The affidavit statement of facts presented in yesterday’s hearing conflicts with Zimmerman’s claim that Trayvon Martin attacked him as he was returning to his vehicle.  It states:

Zimmerman disregarded the police dispatcher and continued to follow Martin who was trying to return to his home.  

And:

Martin was on the phone with a friend and described to her what was happening.  The witness advised that Martin was scared because he was being followed through the complex by an unknown male and didn’t know why.  Martin attempted to run home but was followed by Zimmerman who didn’t want the person he falsely assumed was going to commit a crime to get away before the police arrived.  Zimmerman got out of his vehicle and followed Martin.  When the police dispatcher realized Zimmerman was pursuing Martin, he instructed Zimmerman not to do that and that the responding officer would meet him.  Zimmerman disregarded the police dispatcher and continued to follow Martin who was trying to return to his home.

Zimmerman confronted Martin and a struggle ensued.

Also:

Trayvon Martin’s mother has reviewed the 911 calls and identified the voice crying for help as Trayvon Martin’s voice.

Zimmerman shot Martin in the chest.  Zimmerman admitted shooting Martin.

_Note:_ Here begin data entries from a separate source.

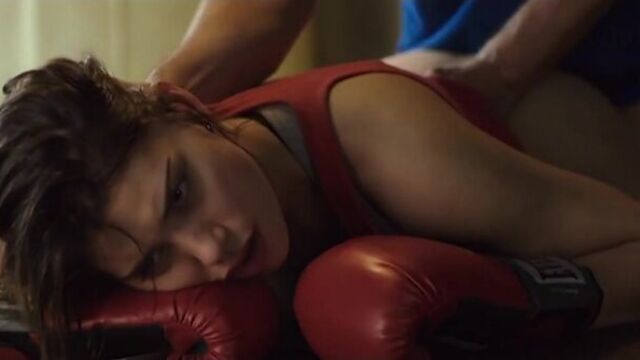 Eva de dominici - sangre en la boca (2016) (2) (эротическая постельная сцена из фильма знаменитость трахается голая sex scene)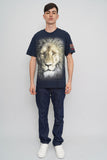 Polera Azul Alstyle Talla L Image 3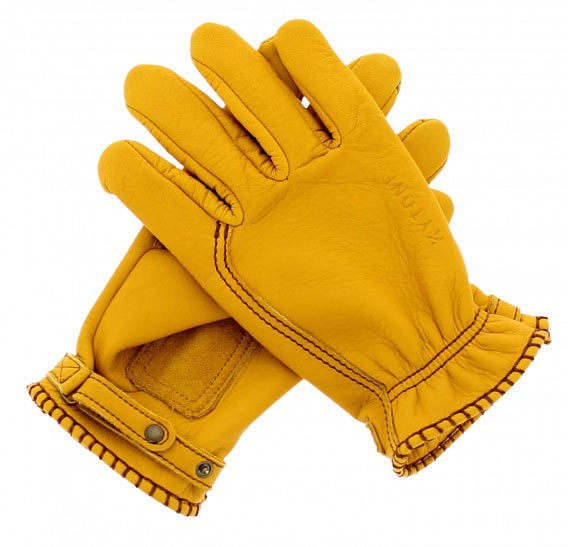 Kytone Handschuhe Gloves gelb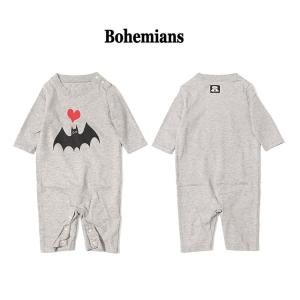 【s30】【ボヘミアンズ/Bohemians】GO BAT＆HEART HS ROMPERS[KO-70]【送料無料】【キャンセル返品交換不可】【let】｜noix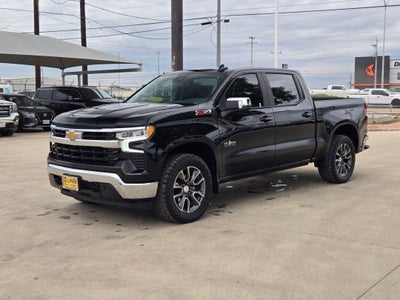 2024 Chevrolet SILVERADO 1500 LT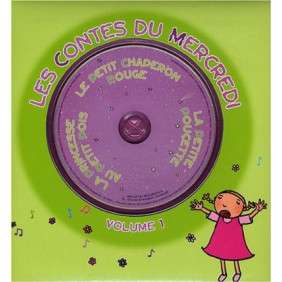 CONTES DU MERCREDI VOLUME 1+CD AUDIO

The four-minute hearing began what might be a drawn-out legal battle for justice or a disappointingly short trial constricted by Florida’s “Stand Your Ground” law.  Legal experts have warned that if Zimmerman’s lawyers present enough evidence that he acted in self-defense, prosecutors may drop his second-degree murder charge.

The case has drawn much attention to the controversial “Stand Your Ground” law, and may have prompted several corporations to withdraw their support from the American Legislative Exchange Council (ALEC), though none referenced the case explicitly in press releases announcing their departure.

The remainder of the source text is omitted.